Alle porte il convegno ecclesiale di Verona, con percorsi di riflessione anche su questi temi…
Non sappiamo quali contenuti ne scaturiranno, ma certamente saranno motivo di confronto e di interesse. Soprattutto penso che questo quarto convegno ecclesiale sia una importante occasione data ai cattolici. Stiamo attenti a una cosa, infatti: di solito si afferma che la difesa della vita è patrimonio dei cattolici, ma questo non è affatto chiaro a tutti i cattolici. Nel mondo cattolico vi è oggi una profonda dissociazione fra fede e morale, per cui si ritiene che anche quei contenuti espressi dal magistero della Chiesa siano dei semplici optional, che non necessariamente devono essere seguiti. Una riflessione su tutto questo penso sia necessaria.
A tal proposito, c’è chi pensa che proprio l’insistenza dei vescovi sui temi della morale, della vita e della famiglia, sia controproducente. Che cioè si crei alla base uno scollamento con un Magistero che si occupa più di morale che dell’insegnamento centrale della fede, che parla più di vita e famiglia, di aborto e di unioni civili, che di Gesù…
Io penso che il problema sia opposto. Penso cioè che quando il Magistero affronta – del tutto legittimamente – temi della morale, stia in realtà affrontando temi connessi strettamente alla fede. Non vedo divisione fra insegnamento morale e formazione di fede perché le fonti e i percorsi sono legati fra loro: non è forse inconcepibile avere fede e non credere al tempo stesso che ogni essere umano vada difeso, e che questo comporti determinate prese di posizione?
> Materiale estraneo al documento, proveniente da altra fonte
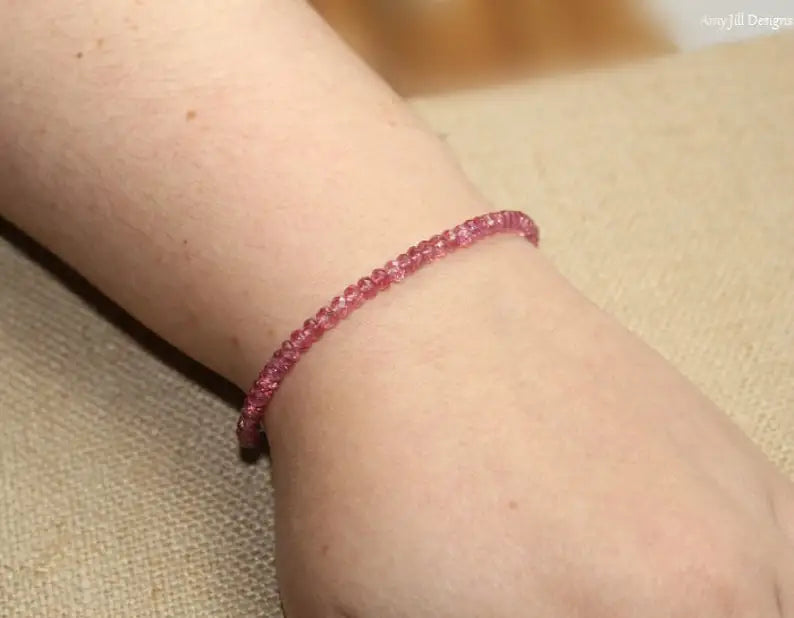 Pink Tourmaline Bracelet, Pink Tourmaline Jewelry, October Birthstone, Gemstone Jewelry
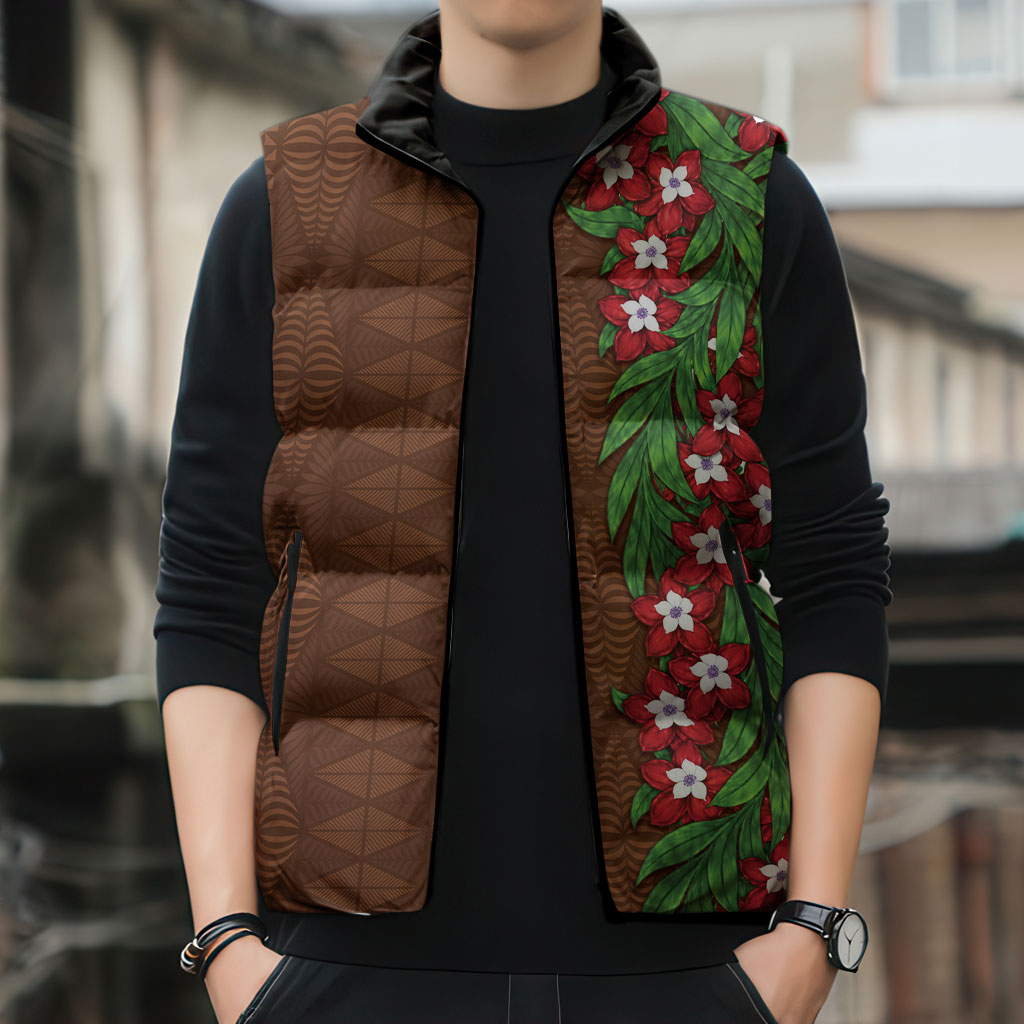 Tonga Language Week Sleeveless Puffer Jacket Heilala Floral Brown LT05 - Polynesian Pride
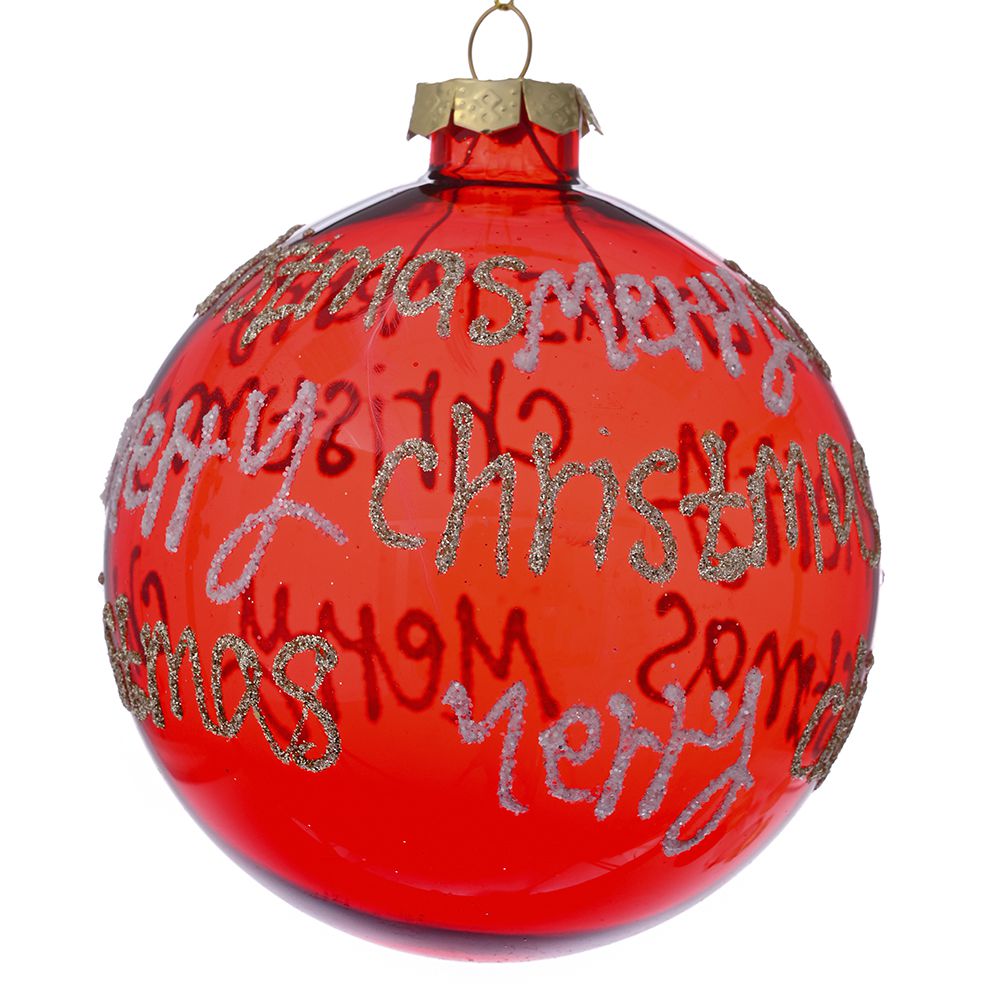 78740 STAKLENA KUGLA CRVENA MERRY CHRISTMAS SA ŠTRASOM 10 CM SET/4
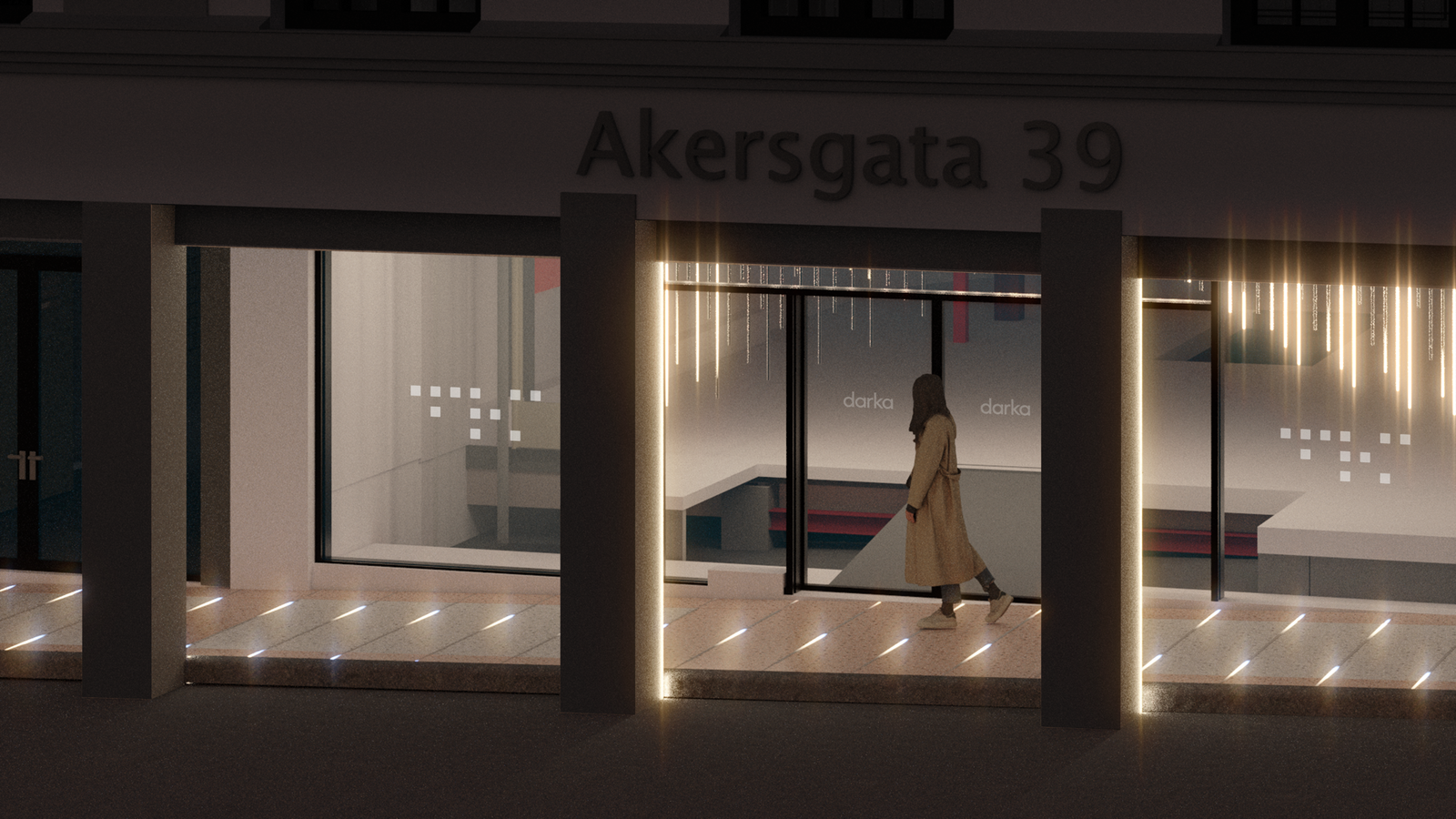 Svalgang utenfor hovedinngang skal oppgraderes med ny belysning Galleribilde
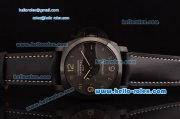 Panerai Luminor 1950 3 Days GMT PAM00441 Automatic PVD Case with Black Dial and Black Leather Strap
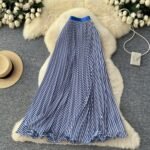 New Style Womens Striped Elastic Waist Versatile Skirt - Blue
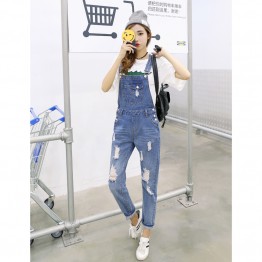 8506 preppy style loose hole suspender denim trousers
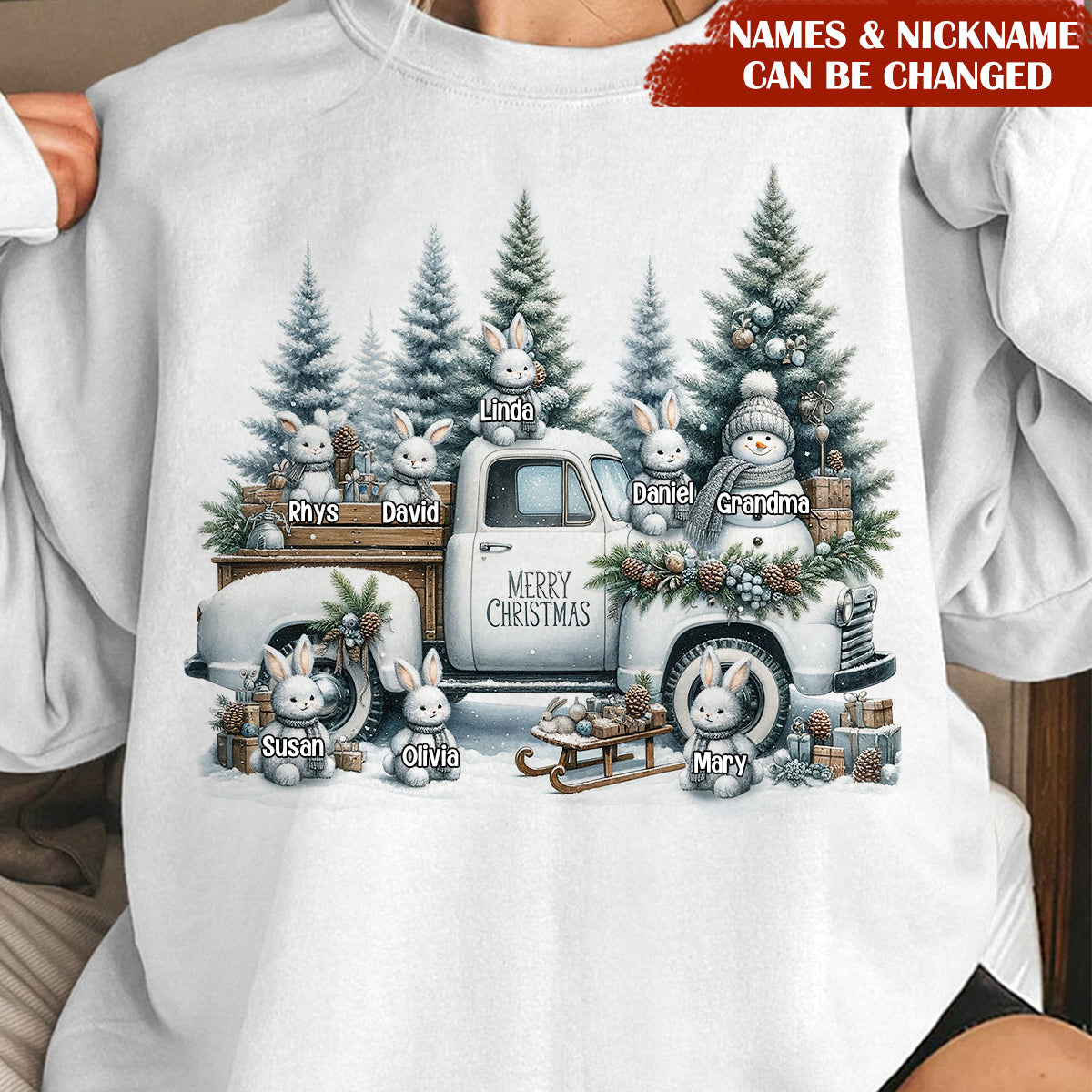 Personalized Snowman With Kids Christmas Family Sweatshirt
La fede porta un messaggio, ma questo messaggio deve essere tradotto nella vita concreta: se credi in quel messaggio, non puoi non viverlo in tutta la sua ricchezza. Tradurre nella propria vita quella fede significa fare delle scelte, e nel momento in cui vengono fatte esse assumono una valenza morale. Nessuna distinzione quindi; il vero problema piuttosto è che quel termine, “morale”, appare legato all’imposizione, ad una serie di paletti che determinano cosa fare e cosa non fare. Bene, non è così. Il credente deve intendere la morale non come il contenuto ma come il contenitore, non come qualcosa che viene dall’esterno, ma come qualcosa che avviene dentro l’uomo, come la traduzione pratica di quella che i moralisti definiscono la legge naturale. Quella legge naturale scritta in ogni uomo e che per il credente altro non è che emanazione della legge divina. Non penso dunque che il Magistero parli troppo di morale: penso però che per far capire bene i passaggi fra fede e morale sia fondamentale il ruolo delle Chiese locali, ad iniziare dalle parrocchie.
In conclusione, soddisfatta del suo nuovo lavoro?
Ho trovato un ambiente caratterizzato da grande entusiasmo, con una voglia di fare inattesa. C’è la volontà di ripartire, di farsi sentire ancora; c’è soprattutto la consapevolezza di lavorare per cose in cui credono in tanti, tutti desiderosi di dare forza ad un discorso a favore della vita umana. Si, è una grande sfida, e ci piace giocarla.